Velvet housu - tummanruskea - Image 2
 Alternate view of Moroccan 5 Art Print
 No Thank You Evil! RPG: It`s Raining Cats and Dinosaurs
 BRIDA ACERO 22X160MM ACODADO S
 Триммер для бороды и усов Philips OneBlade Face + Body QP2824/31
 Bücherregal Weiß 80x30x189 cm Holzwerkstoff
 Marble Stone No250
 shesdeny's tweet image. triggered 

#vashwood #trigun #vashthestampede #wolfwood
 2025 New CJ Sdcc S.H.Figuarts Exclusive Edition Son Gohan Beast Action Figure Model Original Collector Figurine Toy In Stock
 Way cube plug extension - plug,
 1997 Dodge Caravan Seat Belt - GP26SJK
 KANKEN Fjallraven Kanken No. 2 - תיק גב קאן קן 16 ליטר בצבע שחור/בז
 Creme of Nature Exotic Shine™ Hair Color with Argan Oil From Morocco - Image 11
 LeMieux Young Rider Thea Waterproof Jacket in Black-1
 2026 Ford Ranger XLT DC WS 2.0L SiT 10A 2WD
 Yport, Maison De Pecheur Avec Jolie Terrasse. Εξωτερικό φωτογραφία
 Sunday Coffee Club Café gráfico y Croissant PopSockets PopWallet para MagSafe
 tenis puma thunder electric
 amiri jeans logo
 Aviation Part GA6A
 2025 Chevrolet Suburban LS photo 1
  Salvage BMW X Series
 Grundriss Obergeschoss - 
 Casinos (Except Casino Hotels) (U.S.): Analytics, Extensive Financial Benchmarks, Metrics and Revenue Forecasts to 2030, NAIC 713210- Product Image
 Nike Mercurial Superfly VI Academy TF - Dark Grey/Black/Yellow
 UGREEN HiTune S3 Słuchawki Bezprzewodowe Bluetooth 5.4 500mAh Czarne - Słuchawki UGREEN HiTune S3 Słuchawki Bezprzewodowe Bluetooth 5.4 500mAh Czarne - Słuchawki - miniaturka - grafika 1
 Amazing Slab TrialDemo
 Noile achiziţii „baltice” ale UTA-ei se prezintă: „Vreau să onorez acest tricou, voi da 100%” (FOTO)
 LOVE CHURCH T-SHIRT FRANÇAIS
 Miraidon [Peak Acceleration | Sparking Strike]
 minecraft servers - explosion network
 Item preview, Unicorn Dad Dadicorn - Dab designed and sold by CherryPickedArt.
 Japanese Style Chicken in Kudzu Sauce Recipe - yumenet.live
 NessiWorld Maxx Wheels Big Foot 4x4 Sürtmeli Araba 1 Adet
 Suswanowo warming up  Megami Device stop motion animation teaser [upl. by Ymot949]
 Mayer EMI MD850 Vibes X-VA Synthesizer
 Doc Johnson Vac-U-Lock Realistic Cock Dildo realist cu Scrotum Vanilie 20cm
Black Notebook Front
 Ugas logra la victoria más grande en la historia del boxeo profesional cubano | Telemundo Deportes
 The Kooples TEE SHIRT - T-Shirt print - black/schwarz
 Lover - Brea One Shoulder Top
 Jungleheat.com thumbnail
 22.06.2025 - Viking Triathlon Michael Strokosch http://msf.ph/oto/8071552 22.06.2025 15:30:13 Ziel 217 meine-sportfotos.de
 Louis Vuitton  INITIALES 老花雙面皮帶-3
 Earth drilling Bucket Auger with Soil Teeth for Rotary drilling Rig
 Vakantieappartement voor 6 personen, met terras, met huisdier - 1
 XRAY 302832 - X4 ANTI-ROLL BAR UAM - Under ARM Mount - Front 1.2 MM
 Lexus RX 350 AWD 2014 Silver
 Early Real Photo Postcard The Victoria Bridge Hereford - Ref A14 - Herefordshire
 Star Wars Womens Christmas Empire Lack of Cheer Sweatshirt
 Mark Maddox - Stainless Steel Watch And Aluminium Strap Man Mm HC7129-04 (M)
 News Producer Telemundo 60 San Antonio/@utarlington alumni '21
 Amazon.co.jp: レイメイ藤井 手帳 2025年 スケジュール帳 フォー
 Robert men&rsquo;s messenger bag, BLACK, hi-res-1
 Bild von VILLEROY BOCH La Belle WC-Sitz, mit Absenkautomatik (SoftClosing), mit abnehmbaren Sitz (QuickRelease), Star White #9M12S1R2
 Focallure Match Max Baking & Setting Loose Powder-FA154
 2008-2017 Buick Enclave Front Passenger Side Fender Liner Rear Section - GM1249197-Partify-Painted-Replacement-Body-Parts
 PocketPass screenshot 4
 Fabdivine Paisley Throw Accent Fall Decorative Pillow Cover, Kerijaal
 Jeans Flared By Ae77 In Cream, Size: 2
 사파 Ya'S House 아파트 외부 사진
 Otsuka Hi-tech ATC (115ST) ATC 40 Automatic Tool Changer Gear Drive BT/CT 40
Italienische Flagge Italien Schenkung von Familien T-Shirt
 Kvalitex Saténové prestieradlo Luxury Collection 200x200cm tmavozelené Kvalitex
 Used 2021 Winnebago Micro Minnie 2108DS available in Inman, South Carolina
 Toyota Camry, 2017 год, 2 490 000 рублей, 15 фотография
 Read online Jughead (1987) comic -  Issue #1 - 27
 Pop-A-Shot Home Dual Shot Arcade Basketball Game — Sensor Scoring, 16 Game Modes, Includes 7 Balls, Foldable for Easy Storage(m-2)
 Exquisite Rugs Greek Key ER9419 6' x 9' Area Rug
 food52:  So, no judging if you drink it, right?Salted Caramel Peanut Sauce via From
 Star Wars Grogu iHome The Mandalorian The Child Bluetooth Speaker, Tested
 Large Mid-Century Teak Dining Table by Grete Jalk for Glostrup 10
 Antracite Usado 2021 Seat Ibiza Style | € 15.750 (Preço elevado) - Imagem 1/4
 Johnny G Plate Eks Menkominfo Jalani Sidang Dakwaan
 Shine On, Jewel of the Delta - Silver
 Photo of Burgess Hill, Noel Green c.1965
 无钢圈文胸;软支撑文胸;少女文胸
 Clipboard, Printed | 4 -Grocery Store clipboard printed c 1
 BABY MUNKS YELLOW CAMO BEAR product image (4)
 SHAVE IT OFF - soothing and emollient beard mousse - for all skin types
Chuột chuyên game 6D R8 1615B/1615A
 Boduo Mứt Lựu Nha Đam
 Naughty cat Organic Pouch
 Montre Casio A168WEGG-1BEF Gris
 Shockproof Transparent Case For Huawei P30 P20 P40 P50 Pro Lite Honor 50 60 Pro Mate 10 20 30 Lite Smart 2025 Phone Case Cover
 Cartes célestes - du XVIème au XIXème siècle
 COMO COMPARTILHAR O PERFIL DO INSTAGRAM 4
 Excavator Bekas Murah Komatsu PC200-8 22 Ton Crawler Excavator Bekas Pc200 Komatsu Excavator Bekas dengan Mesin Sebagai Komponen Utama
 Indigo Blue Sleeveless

• • • •

PROBLEM DESCRIPTION: Output the records above exactly as written.

EXPECTED OUTPUT:
Velvet housu - tummanruskea - Image 2
 Alternate view of Moroccan 5 Art Print
 No Thank You Evil! RPG: It`s Raining Cats and Dinosaurs
 BRIDA ACERO 22X160MM ACODADO S
 Триммер для бороды и усов Philips OneBlade Face + Body QP2824/31
 Bücherregal Weiß 80x30x189 cm Holzwerkstoff
 Marble Stone No250
 shesdeny's tweet image. triggered 

#vashwood #trigun #vashthestampede #wolfwood
 2025 New CJ Sdcc S.H.Figuarts Exclusive Edition Son Gohan Beast Action Figure Model Original Collector Figurine Toy In Stock
 Way cube plug extension - plug,
 1997 Dodge Caravan Seat Belt - GP26SJK
 KANKEN Fjallraven Kanken No. 2 - תיק גב קאן קן 16 ליטר בצבע שחור/בז
 Creme of Nature Exotic Shine™ Hair Color with Argan Oil From Morocco - Image 11
 LeMieux Young Rider Thea Waterproof Jacket in Black-1
 2026 Ford Ranger XLT DC WS 2.0L SiT 10A 2WD
 Yport, Maison De Pecheur Avec Jolie Terrasse. Εξωτερικό φωτογραφία
 Sunday Coffee Club Café gráfico y Croissant PopSockets PopWallet para MagSafe
 tenis puma thunder electric
 amiri jeans logo
 Aviation Part GA6A
 2025 Chevrolet Suburban LS photo 1
  Salvage BMW X Series
 Grundriss Obergeschoss - 
 Casinos (Except Casino Hotels) (U.S.): Analytics, Extensive Financial Benchmarks, Metrics and Revenue Forecasts to 2030, NAIC 713210- Product Image
 Nike Mercurial Superfly VI Academy TF - Dark Grey/Black/Yellow
 UGREEN HiTune S3 Słuchawki Bezprzewodowe Bluetooth 5.4 500mAh Czarne - Słuchawki UGREEN HiTune S3 Słuchawki Bezprzewodowe Bluetooth 5.4 500mAh Czarne - Słuchawki - miniaturka - grafika 1
 Amazing Slab TrialDemo
 Noile achiziţii „baltice” ale UTA-ei se prezintă: „Vreau să onorez acest tricou, voi da 100%” (FOTO)
 LOVE CHURCH T-SHIRT FRANÇAIS
 Miraidon [Peak Acceleration | Sparking Strike]
 minecraft servers - explosion network
 Item preview, Unicorn Dad Dadicorn - Dab designed and sold by CherryPickedArt.
 Japanese Style Chicken in Kudzu Sauce Recipe - yumenet.live
 NessiWorld Maxx Wheels Big Foot 4x4 Sürtmeli Araba 1 Adet
 Suswanowo warming up  Megami Device stop motion animation teaser [upl. by Ymot949]
 Mayer EMI MD850 Vibes X-VA Synthesizer
 Doc Johnson Vac-U-Lock Realistic Cock Dildo realist cu Scrotum Vanilie 20cm
Black Notebook Front
 Ugas logra la victoria más grande en la historia del boxeo profesional cubano | Telemundo Deportes
 The Kooples TEE SHIRT - T-Shirt print - black/schwarz
 Lover - Brea One Shoulder Top
 Jungleheat.com thumbnail
 22.06.2025 - Viking Triathlon Michael Strokosch http://msf.ph/oto/8071552 22.06.2025 15:30:13 Ziel 217 meine-sportfotos.de
 Louis Vuitton  INITIALES 老花雙面皮帶-3
 Earth drilling Bucket Auger with Soil Teeth for Rotary drilling Rig
 Vakantieappartement voor 6 personen, met terras, met huisdier - 1
 XRAY 302832 - X4 ANTI-ROLL BAR UAM - Under ARM Mount - Front 1.2 MM
 Lexus RX 350 AWD 2014 Silver
 Early Real Photo Postcard The Victoria Bridge Hereford - Ref A14 - Herefordshire
 Star Wars Womens Christmas Empire Lack of Cheer Sweatshirt
 Mark Maddox - Stainless Steel Watch And Aluminium Strap Man Mm HC7129-04 (M)
 News Producer Telemundo 60 San Antonio/@utarlington alumni '21
 Amazon.co.jp: レイメイ藤井 手帳 2025年 スケジュール帳 フォー
 Robert men&rsquo;s messenger bag, BLACK, hi-res-1
 Bild von VILLEROY BOCH La Belle WC-Sitz, mit Absenkautomatik (SoftClosing), mit abnehmbaren Sitz (QuickRelease), Star White #9M12S1R2
 Focallure Match Max Baking & Setting Loose Powder-FA154
 2008-2017 Buick Enclave Front Passenger Side Fender Liner Rear Section - GM1249197-Partify-Painted-Replacement-Body-Parts
 PocketPass screenshot 4
 Fabdivine Paisley Throw Accent Fall Decorative Pillow Cover, Kerijaal
 Jeans Flared By Ae77 In Cream, Size: 2
 사파 Ya'S House 아파트 외부 사진
 Otsuka Hi-tech ATC (115ST) ATC 40 Automatic Tool Changer Gear Drive BT/CT 40
Italienische Flagge Italien Schenkung von Familien T-Shirt
 Kvalitex Saténové prestieradlo Luxury Collection 200x200cm tmavozelené Kvalitex
 Used 2021 Winnebago Micro Minnie 2108DS available in Inman, South Carolina
 Toyota Camry, 2017 год, 2 490 000 рублей, 15 фотография
 Read online Jughead (1987) comic -  Issue #1 - 27
 Pop-A-Shot Home Dual Shot Arcade Basketball Game — Sensor Scoring, 16 Game Modes, Includes 7 Balls, Foldable for Easy Storage(m-2)
 Exquisite Rugs Greek Key ER9419 6' x 9' Area Rug
 food52:  So, no judging if you drink it, right?Salted Caramel Peanut Sauce via From
 Star Wars Grogu iHome The Mandalorian The Child Bluetooth Speaker, Tested
 Large Mid-Century Teak Dining Table by Grete Jalk for Glostrup 10
 Antracite Usado 2021 Seat Ibiza Style | € 15.750 (Preço elevado) - Imagem 1/4
 Johnny G Plate Eks Menkominfo Jalani Sidang Dakwaan
 Shine On, Jewel of the Delta - Silver
 Photo of Burgess Hill, Noel Green c.1965
 无钢圈文胸;软支撑文胸;少女文胸
 Clipboard, Printed | 4 -Grocery Store clipboard printed c 1
 BABY MUNKS YELLOW CAMO BEAR product image (4)
 SHAVE IT OFF - soothing and emollient beard mousse - for all skin types
Chuột chuyên game 6D R8 1615B/1615A
 Boduo Mứt Lựu Nha Đam
 Naughty cat Organic Pouch
 Montre Casio A168WEGG-1BEF Gris
 Shockproof Transparent Case For Huawei P30 P20 P40 P50 Pro Lite Honor 50 60 Pro Mate 10 20 30 Lite Smart 2025 Phone Case Cover
 Cartes célestes - du XVIème au XIXème siècle
 COMO COMPARTILHAR O PERFIL DO INSTAGRAM 4
 Excavator Bekas Murah Komatsu PC200-8 22 Ton Crawler Excavator Bekas Pc200 Komatsu Excavator Bekas dengan Mesin Sebagai Komponen Utama
 Indigo Blue Sleeveless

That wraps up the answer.